_YOUR OBJECTIVE_
Please set down exactly the lines from the one that contains "Boda, blue 12m above gallery image" through the end of the material, leaving out every picture.

_RECORDS SHOWN_

###

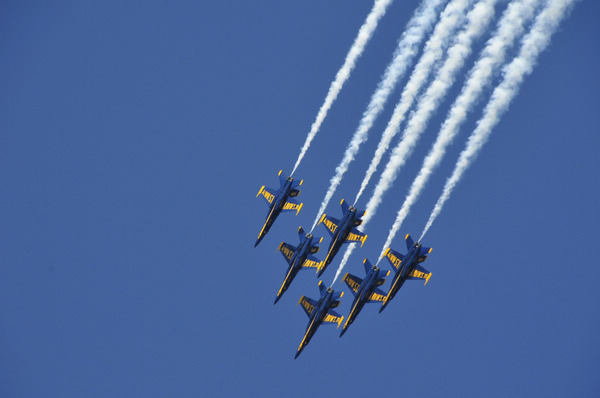 Houston air show kicks off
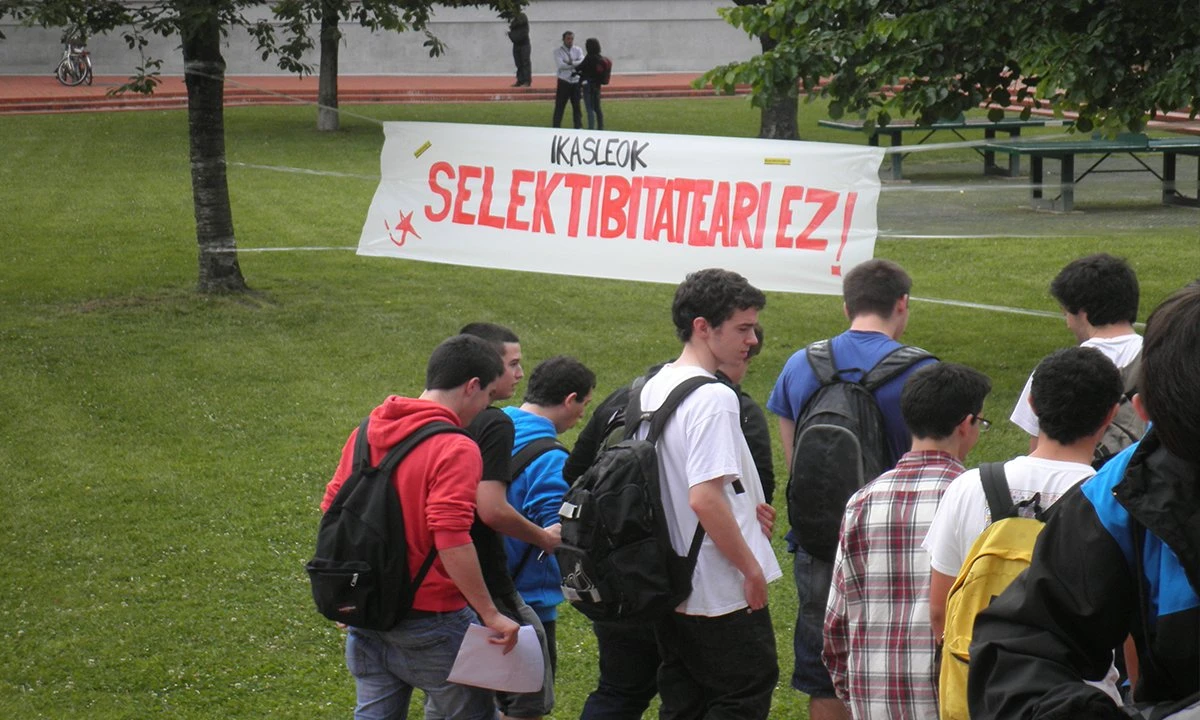 Selektibitateak &ldquo;ideologizazio burgeserako eta filtro sozialerako&rdquo; funtzioa betetzen duela salatu du IAk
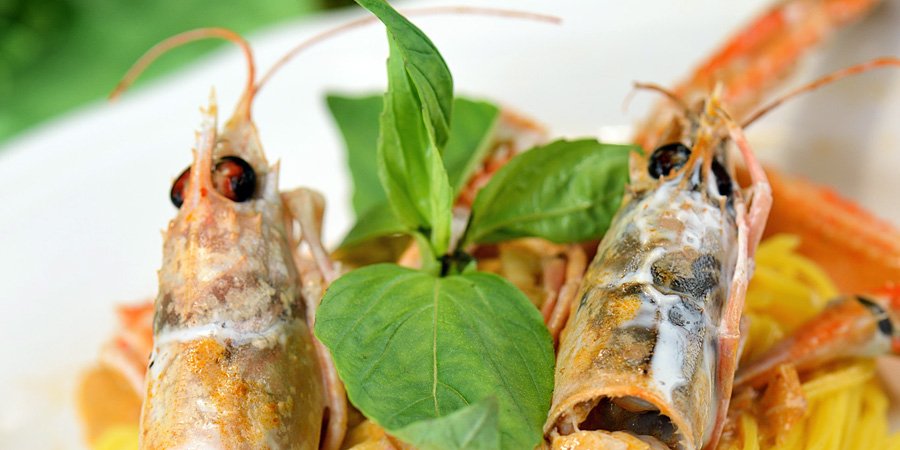 Tagliolini de casa cu langoustine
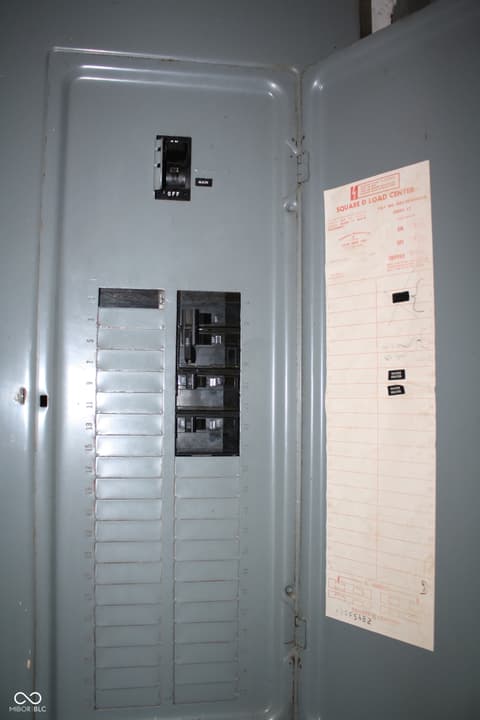 Photo of 8734 Log Run Drive N, Indianapolis, IN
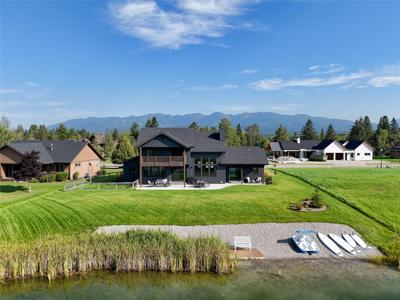 3031 River Lakes Drive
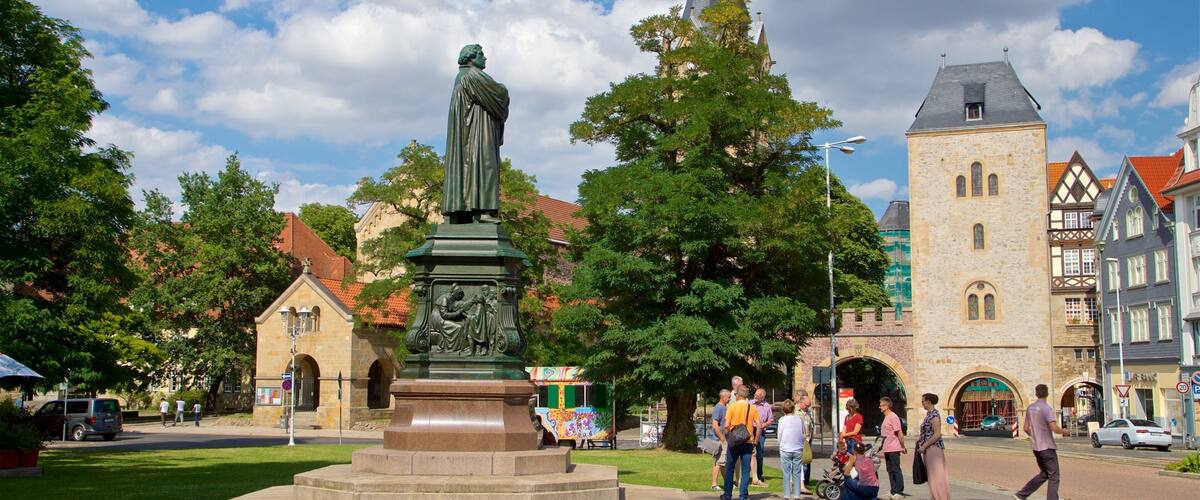 Nikolai Church Eisenach som omfatter en statue eller en skulptur, gadeliv og historiske bygningsværker
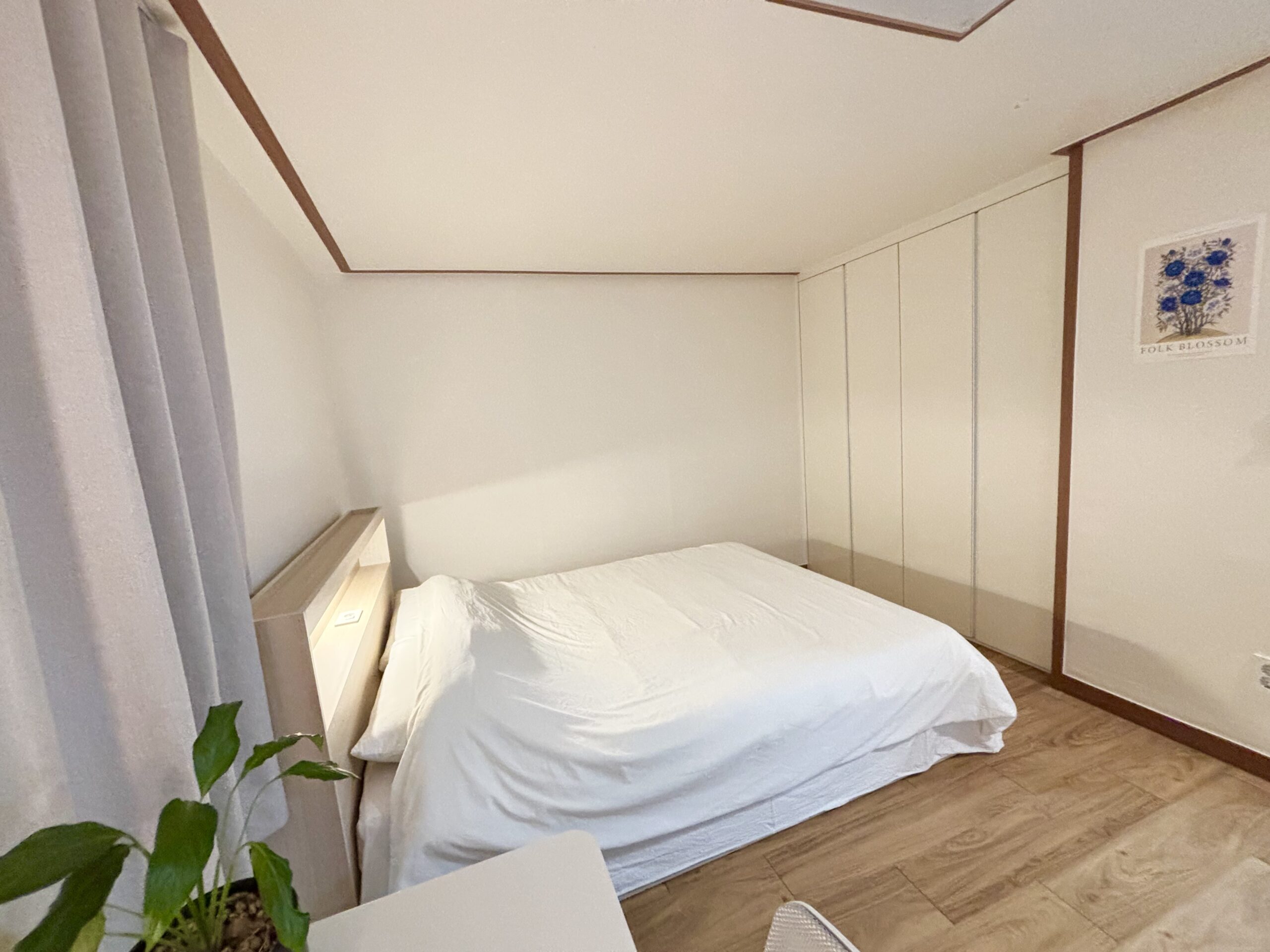 Boda, blue 12m above gallery image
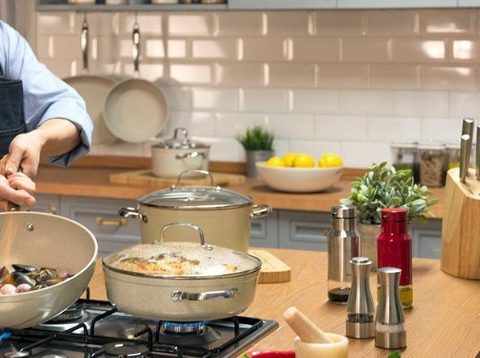 Tips and Techniques to Prevent Food from Sticking to Your Pots and Pans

###

_SOLUTION TO THIS TASK_
 Boda, blue 12m above gallery image
 Tips and Techniques to Prevent Food from Sticking to Your Pots and Pans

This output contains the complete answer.